When Tuli Kupferberg, a cofounder of the 1960s neo-Beatnik rock group The Fugs, set out to write the group’s nihilistic manifesto “Nothing,” he didn’t stray far from his Ashkenazic background. Tuli simply took the melody and format of the popular Yiddish folksong “Bulbes” and transmuted it for a new time and place, replacing bulbes (“potatoes”) with “nothing,” so that Montik—bulbes, dinstik—bulbes, mitvokh un donershtik—bulbes became Monday—nothing, Tuesday—nothing, Wednesday and Thursday—nothing.
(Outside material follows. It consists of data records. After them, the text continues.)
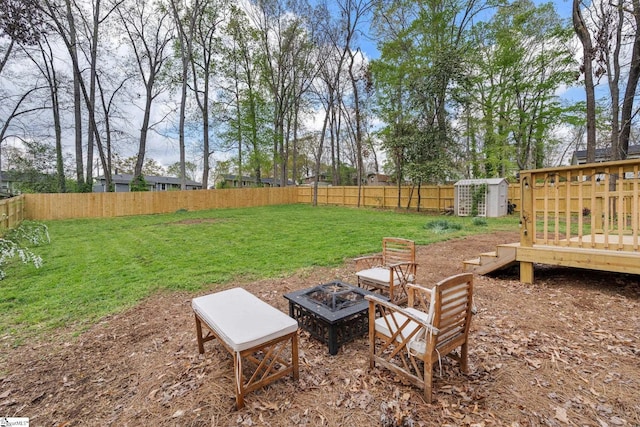 view of yard with a shed, a fire pit, an outdoor structure, and fence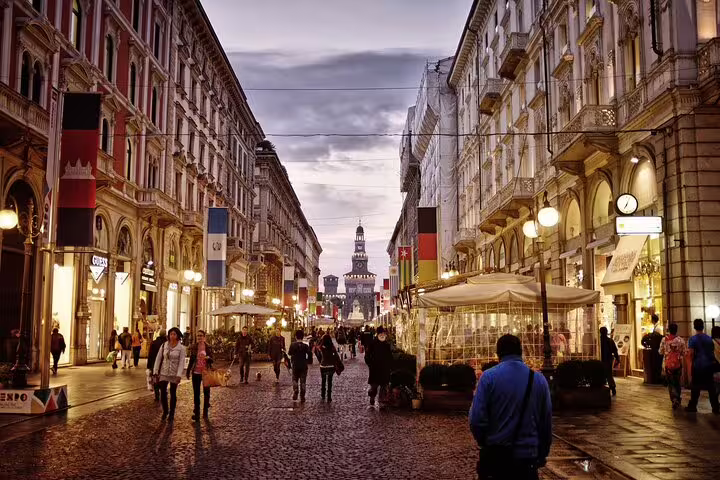 Evening stroll on Via Dante toward Castello Sforzesco, ideal for a self-guided Milan scavenger hunt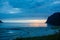 Children, enjoying sunset on Ersfjord Beach on Senja island, beautiful landscape view over the mountains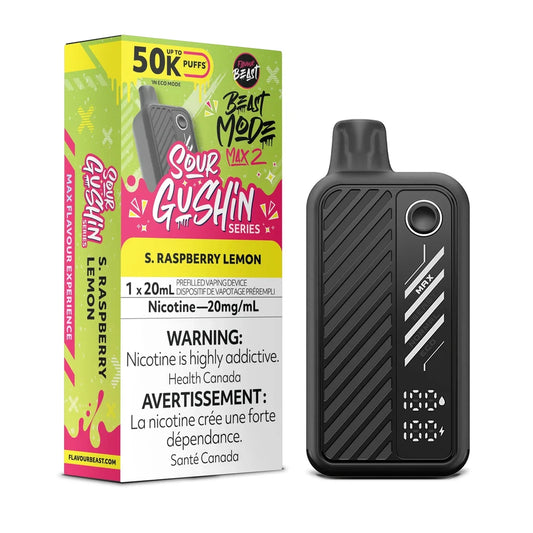 A black Flavour Beast Mode Max 2 disposable vape device stands next to its vibrant yellow and pink packaging, which features the Sour Gushin Series branding and S. Raspberry Lemon flavor label, all set against a plain black background.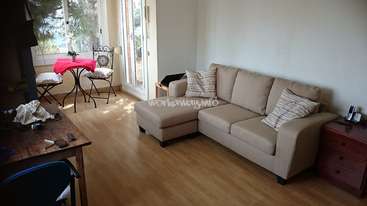La imagen muestra un salón con un sofá beige, una mesa de madera y un balcón con un mantel rojo. La habitación está bien iluminada y tiene una combinación de colores neutros.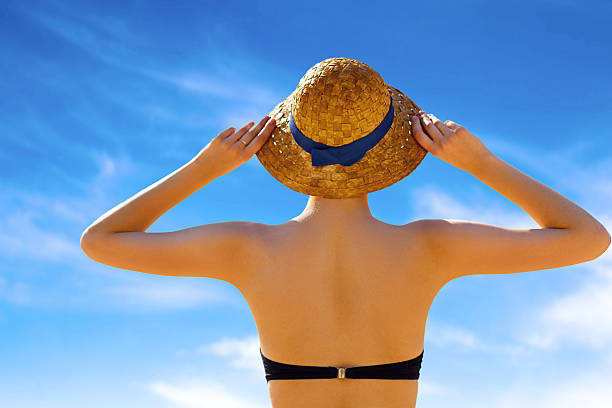istock Rear view young woman in sun hat standing and tanning 539014222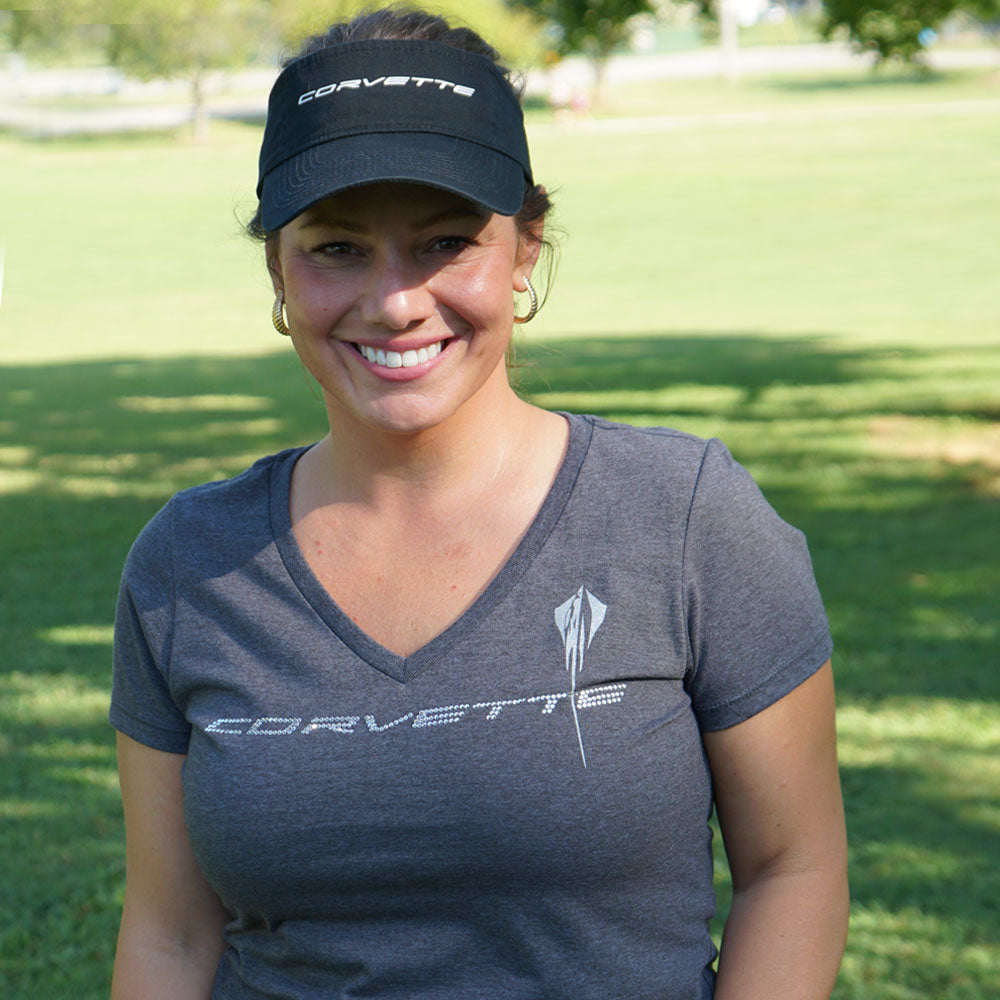 Woman standing in a park wearing the C8 Corvette Crystal Stingray Heather Charcoal Ladies Top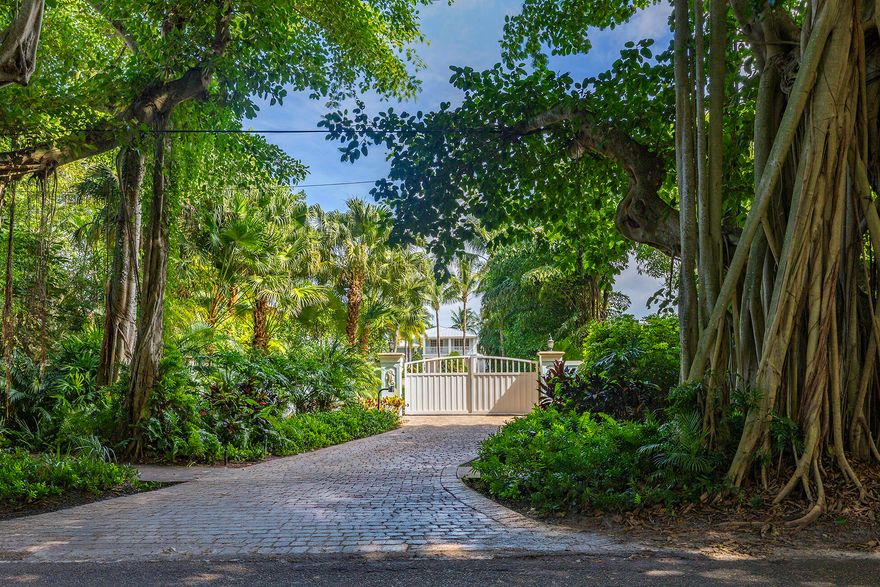The banyan tunnel leads you to a rare trophy WATERFRONT estate, move-in ready and fully furnished. At the end of Stuart's most photographed road, your gated drive opens to nearly an acre of PRIVACY and 500' of protected shoreline with sweeping views toward the INLET and ''The Crossroads.'' Enjoy true deepwater dockage with multiple docks, two lifts, room for an 80' yacht, and quick ocean access. Reimagined in 2023/2024 with a new standing-seam metal roof, full impact glass, whole-house generator, and new garage doors. The home blends timeless Key West architecture with modern coastal design. Perfect for true boaters and entertainers, with media room, balcony suite, heated saltwater pool, tiki bar, lush landscaping, guest house, no HOA, minutes from downtown Stuart, and not in a flood zone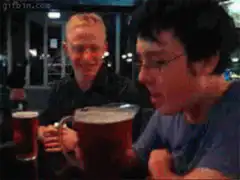 Guy chugs giant beer mug while friend cheers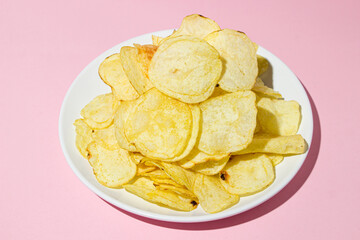 A plate of chips on a pink background. A delicious way to cook potatoes. Delicious fast food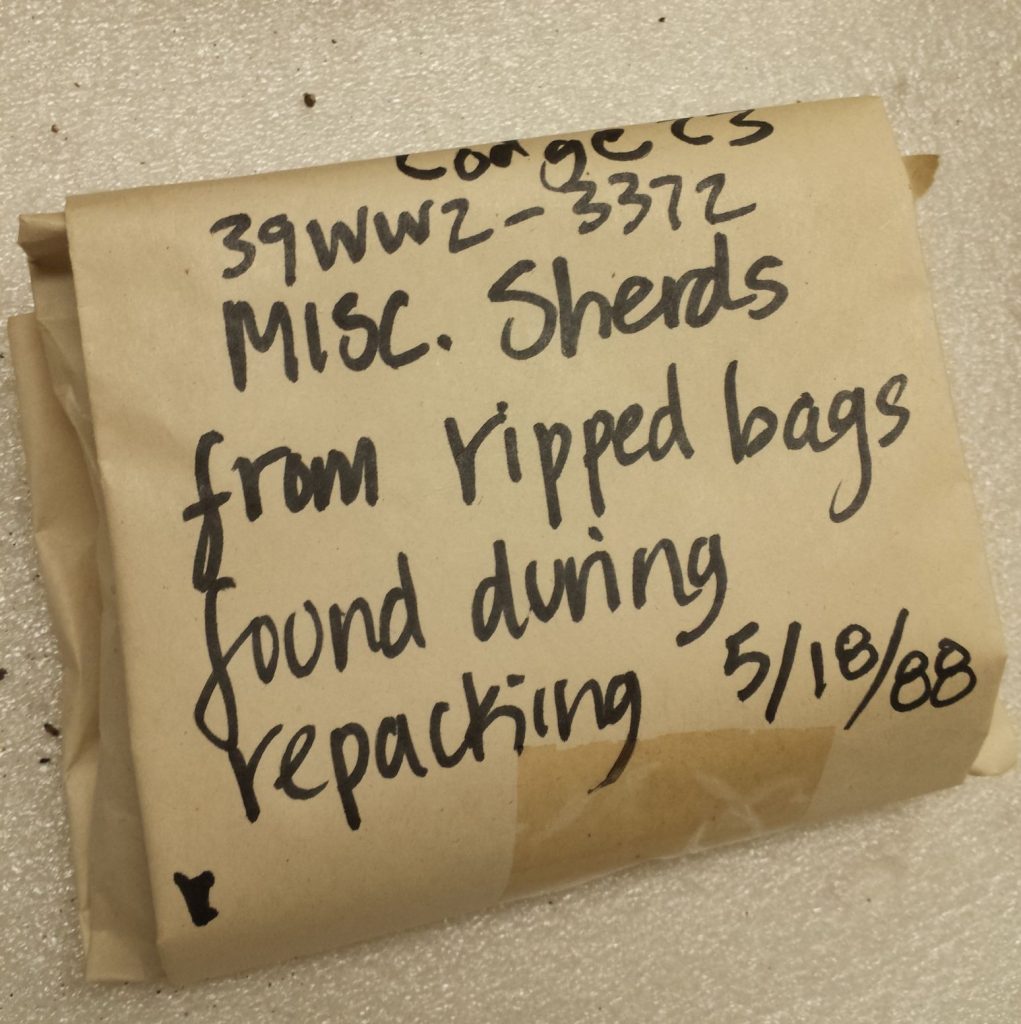 A paper bag with sharpie writing on it. Text reads "39ww2-3371 Misc. sherds from ripped bags found during repacking 5/18/88".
Kupferberg even threw in a little Yiddish to acknowledge his source material:
Montik—gornisht, dinstik—gornisht, mitvokh un donershtik—gornisht . . .
The song went on to invoke a litany of nothingness:
Stevenson—nothing, Humphrey—nothing, Averell Harriman—nothing.
John Stuart Mill—nil nil, Franklin Delano—nothing.
Karlos Marx—nothing, Engels—nothing, Bakunin, Kropotkin—n(y)othing!
Leon Trotsky—lots of nothing. Stalin—less than nothing!
And so was born from “Bulbes” one of the iconic songs of an era.